?Headline inflation, measured by the 12-month increase in the Index of Retail Prices, rose to 4.8 per cent in February 2010 from 3.7 per cent in the previous month, according to the latest data released by the Central Statistical Office indicate that. In a statement on Friday, the Central Bank said that the main influence on the headline rate has come from food prices which rose by 2.8 per cent during the month of February. On a year-on-year basis to February, food inflation measured 6.3 per cent, up from 2.7 per cent in January. Much of the increase represented higher prices for fruits and vegetables. After rising by 11.7 per cent in January, fruit prices rose by a further five per cent in February. Vegetable prices rose by 6.1 per cent in February after declining by 1.6 per cent in January. The rise in food inflation suggests that the severe drought is already beginning to have an effect on domestic food prices. This impact is likely to continue and even intensify in the next few months.

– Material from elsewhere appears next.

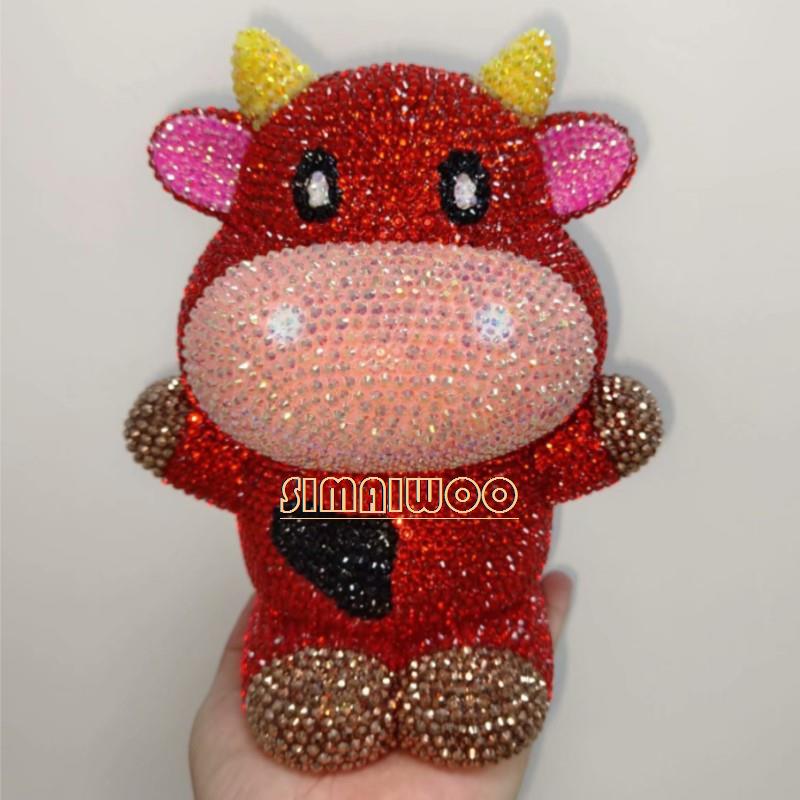 DIY Rhinestone Art Cow Doll To - Kids Toys Exhibition avaliação e preço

The Central Bank said core inflation, which excludes food prices, slowed to 4.0 per cent (year-on-year) in February from 4.2 per cent a month earlier. The main factor contributing to the deceleration in the core rate was a reduction in the prices of clothing and footwear which fell by 1.9 per cent in February following a decrease of 1.0 per cent in January. The rise in inflation is taking place against the background of a protracted weakness in private sector credit demand. In the 12 months to January 2010, private sector credit by the consolidated financial system declined by 4.1 per cent as loans to business and consumers contracted, according to the Central Bank. On a year-on-year basis, consumer credit fell for the sixth consecutive month in January by 2.9 per cent while business credit declined for the third consecutive month by an even larger rate (-3.8 per cent).
The only category of credit that has remained resilient to the more fragile economic environment is real estate mortgage lending. This sub-group rose by eight per cent (year-on-year) in January following increases of similar magnitudes in the previous two months. High net fiscal injections, along with the sharp fall in bank credit, have kept excess liquidity in the financial system at elevated levels (averaging TT$1.6 billion during the first quarter of 2010). The recent issuance of a TT$600 million 15-year central government bond has helped to contain the rapid build-up in excess liquidity. In the coming weeks, the issuance of a government bond should also assist in draining some of the excess liquid balances from the system.
The relatively high levels of excess liquidity over the past several months have helped to suppress short-term interest rates which have plunged to record lows. The three-month and six-month treasury bill rates declined to 1.28 per cent and 1.44 per cent, respectively in March from 1.85 per cent and 2.56 per cent in September 2009. As a consequence, the differential between the TT and US three-month treasury bill rates has narrowed to 108 basis points in March from 173 basis points in September 2009. Monetary policy is now required to face the reality of sluggish economic activity and rising inflation. There is also concern that a continued rise in food prices could result in heightened inflation expectations. These factors could present challenges as to when to reverse the current neutral monetary policy stance. Against this background, the Bank has decided to maintain the 'Repo' rate at five per cent.